With these problems in mind, we proposed a structure-based algorithm termed PCTpred (PTM Cross-Talk predictor) to improve the prediction accuracy of PTM cross-talk events. We designed a group of novel residue- and residue pair-based features that effectively showed the preferences of cross-talk pairs from sequence and structural perspectives. Then we constructed two component predictors using random forest (RF) algorithm with finely selected sequence- and structure-based features. Combining these two predictors, PCTpred took full advantage of the complementarity between residue- and residue pair-based features and the synergy between sequence and structural information. Using both pair- and protein-based evaluations, PCTpred yielded consistently better results than the state-of-the-art method PTM-X, even in stringent cases that eliminated the bias induced by the distance between PTMs.
Materials and methods
Data sets
We followed the steps proposed by Huang et al. [26] to collect the experimentally verified PTM cross-talk pairs. The keyword combination ‘((cross AND (talk OR regulate OR link)) OR interplay) AND post translational modification’ was adopted to search the PubMed database. We retrieved 22 cross-talk pairs within proteins by reading 411 associated articles from January 2014 to September 2017 (Supplementary Table S2). In addition, the 193 cross-talk pairs before 2014 collected by Huang et al. [26] were also used in this work. By removing overlapped samples, we obtained 205 cross-talk pairs from 81 human proteins. Using a sequence identity threshold of 30%, these human proteins were divided into 74 clusters, suggesting that the sequence redundancy is lower. The statistical analysis of the PTM type and residue composition of these samples is shown in Supplementary Figure S1. To generate negative samples, we downloaded all the PTM sites of Homo sapiens determined by low-throughput experiments from the PhosphoSitePlus database [28]. We generated the pairwise combinations of PTM sites in each protein and deleted pairs whose component sites simultaneously appeared in the positive set. The resulting 12 468 PTM pairs were used as negative samples. The positive and negative samples were combined to constitute the Seq-set data set. We found that 73 human proteins had corresponding structures by SIFTS mapping [29]. The structures without any cross-talk or negative sample were eliminated. If a PTM pair appeared in more than one structure, the longest one determined by X-ray diffraction (resolution from 1.6 Å to 3.7 Å) or NMR spectroscopy (the first model in the PDB file) was used as a representative. At the structural level, we obtained 61 cross-talk and 2161 negative pairs, and this data set was termed Str-set.
Considering that some features might be dependent on the distance between residues, we established three stringent data sets, including Seq-control, Str-control and SeqStr-control, to evaluate the robustness of our method. To generate the Seq-control data set, we computed the sequence distance of each PTM pair by counting the number of residues between two PTM sites. According to the sequence distance, the samples from Seq-set were divided into different bins with a step of five residues. We used the cross-talk pairs in each bin and randomly chose the same number of negative pairs to ensure a similar distribution of positive and negative samples. We calculated the structural distance of each PTM pair that is defined as the distance between the alpha carbons of two PTM sites and divided the samples from Str-set into bins with a step of 5 Å to construct the Str-control data set. Regarding the SeqStr-control data set, we partitioned the samples from Str-set into bins by restricting both sequence and structural distances.

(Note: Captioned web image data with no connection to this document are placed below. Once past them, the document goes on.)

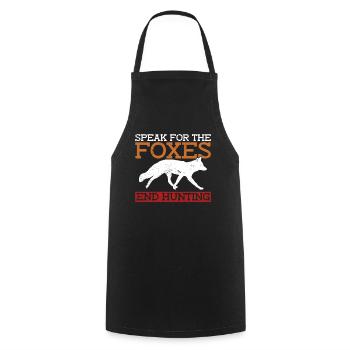 Accessoires de chasse anti-renards - Tablier de cuisine - noir - Devant - AI Model Male 185 dark (185cm)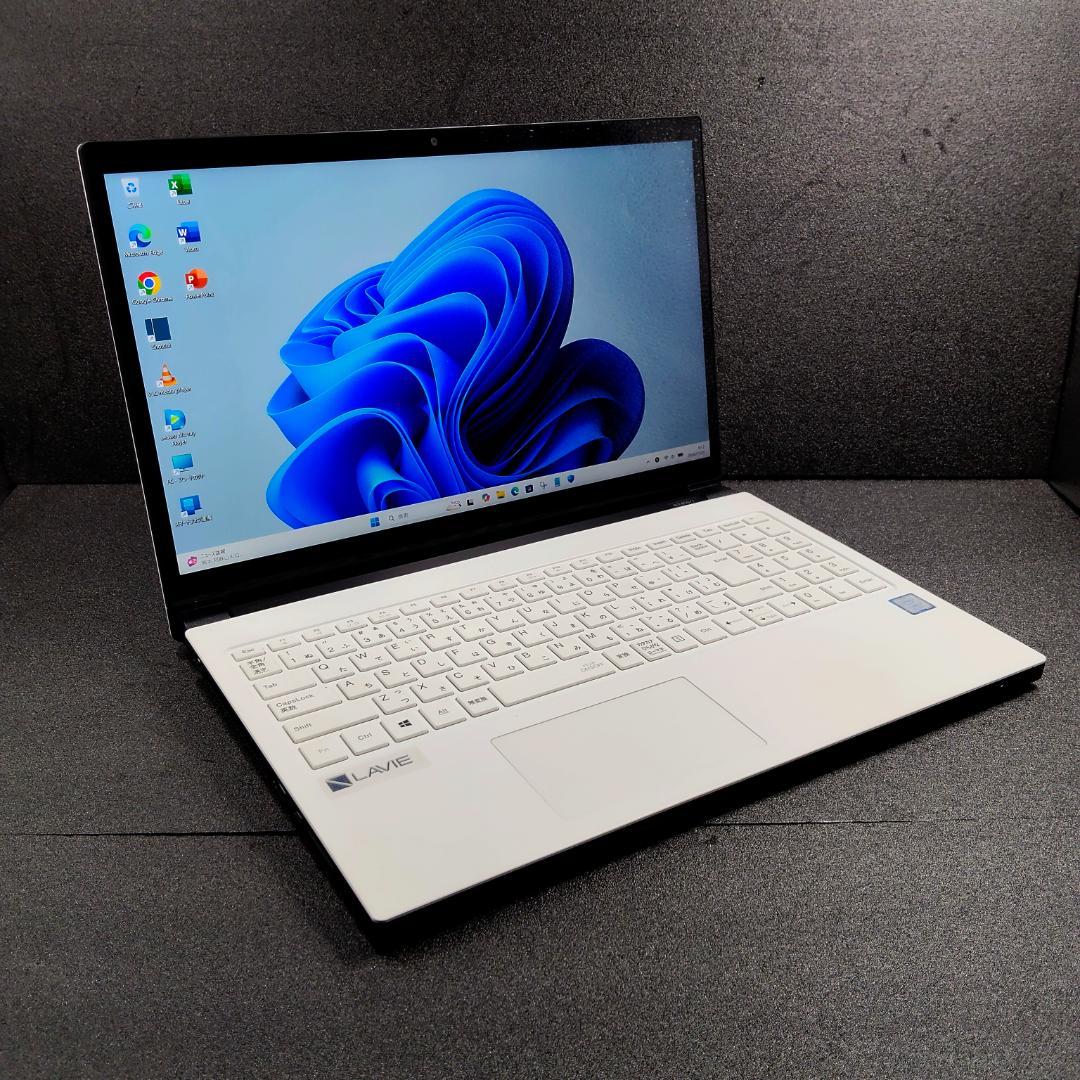 ノートパソコン windows11 office付き i7 ssd 第八世代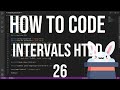 how to code racket - 26 interval sets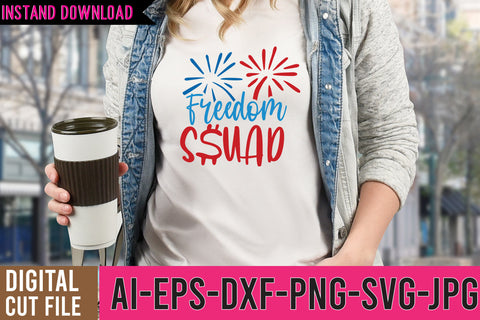 Freedom Squad SVG Cut File SVG BlackCatsMedia 
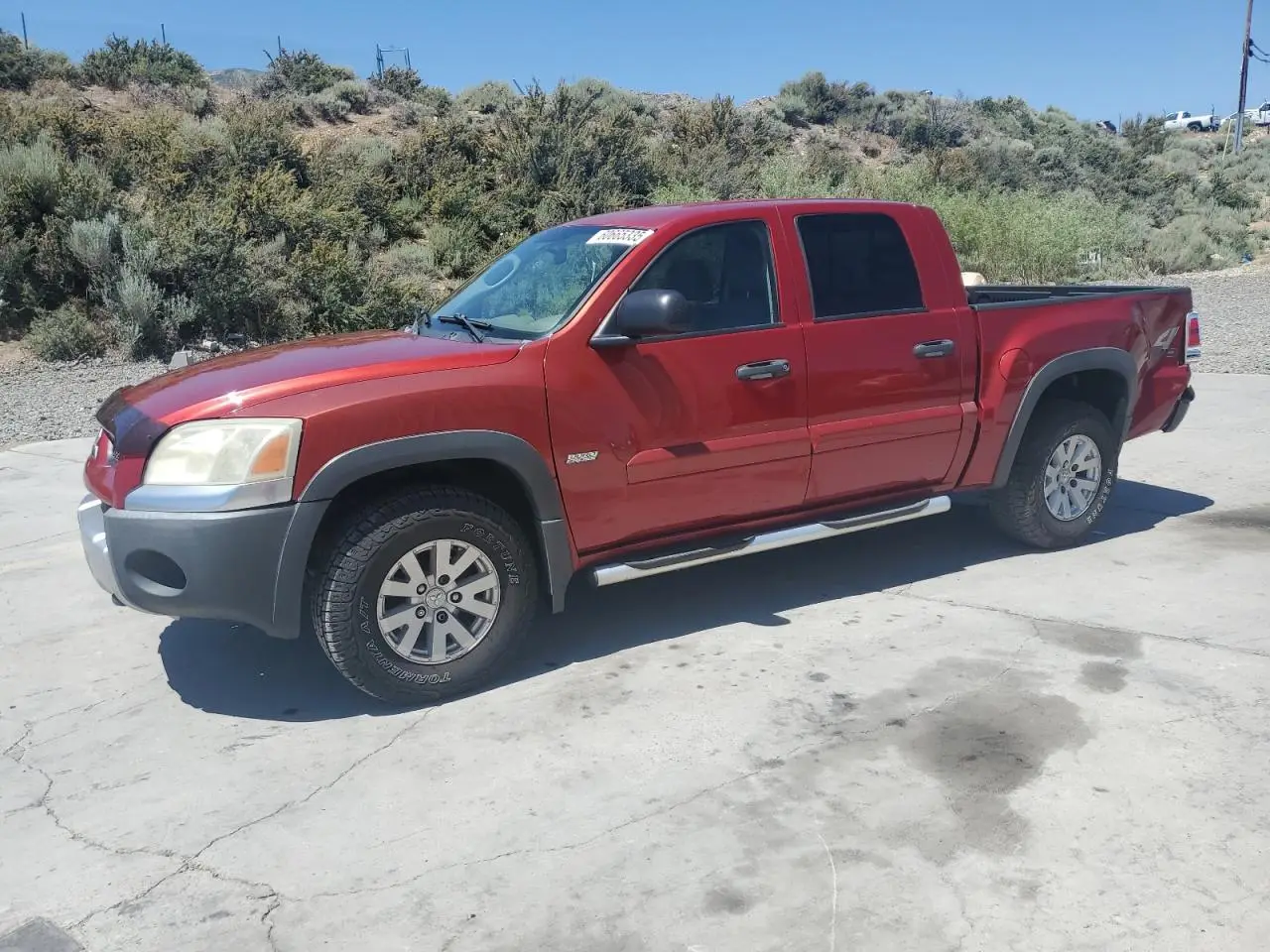 MITSUBISHI RAIDER 2006. Lot# 60665335. VIN 1Z7HT38K36S538243. Photo 1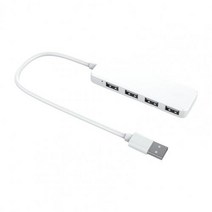 도킹 스테이션 유용한 480Mbps USB2.0 확장 도크 다기능 안정 전송, 01 White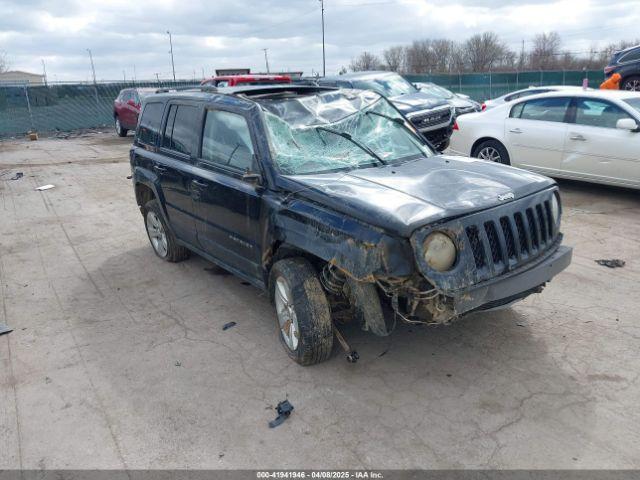  Salvage Jeep Patriot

Overview of our prediction model
As shown in Figure 1, PCTpred is composed of a sequence-based module PCTseq and a structure-based module PCTstr. The comprehensive sequence and structural descriptors are extracted to characterize each PTM pair in the query protein. The optimal feature combinations are determined using feature selection techniques. PCTseq and PCTstr are then implemented with RF algorithm. If the structural information is available, PCTseq and PCTstr are combined to recognize cross-talk pairs; otherwise, only PCTseq is used. Note that the features used in our model can be further divided into residue pair- and residue-based features. Most residue pair-based features show a bias toward the distance between PTM sites. For instance, adjacent residues tend to possess a strong co-evolutionary signature and be located in the same functional regions. This may reduce their power to identify distant cross-talk sites and exclude the illusive pairs within a short distance. In these cases, residue-based features that are not heavily dependent on the proximity complement the limitations of residue pair-based features, resulting in improved prediction accuracy.

Flowchart of PCTpred. Our algorithm comprises two modules, namely PCTseq and PCTstr, which are further combined to build PCTpred.
Feature representation
To quantitatively depict PTM pairs, we extracted four groups of features, including residue pair-based sequence features, residue-based sequence features, residue pair-based structural features and residue-based structural features. The majority of these descriptors were newly applied to PTM cross-talk prediction except the traditional features, such as sequence distance, structural distance and co-localization within disordered regions. For residue-based features, the minimum, maximum and average values of two individual sites were used to characterize each PTM pair based on a specific property. A detailed list of the features is shown in Supplementary Table S3.
Residue pair-based sequence features
Residue co-evolution
Correlated mutation
Co-localization within disordered regions and protein domains
Disordered regions were predicted for each protein using DisEMBL [34], and protein domains were annotated using HMMER searches against the Pfam database [35, 36]. We checked whether the paired PTM sites were located in the same disordered regions and protein domains. If the co-localization was observed, the attribute value was set to 1; otherwise, the value was 0.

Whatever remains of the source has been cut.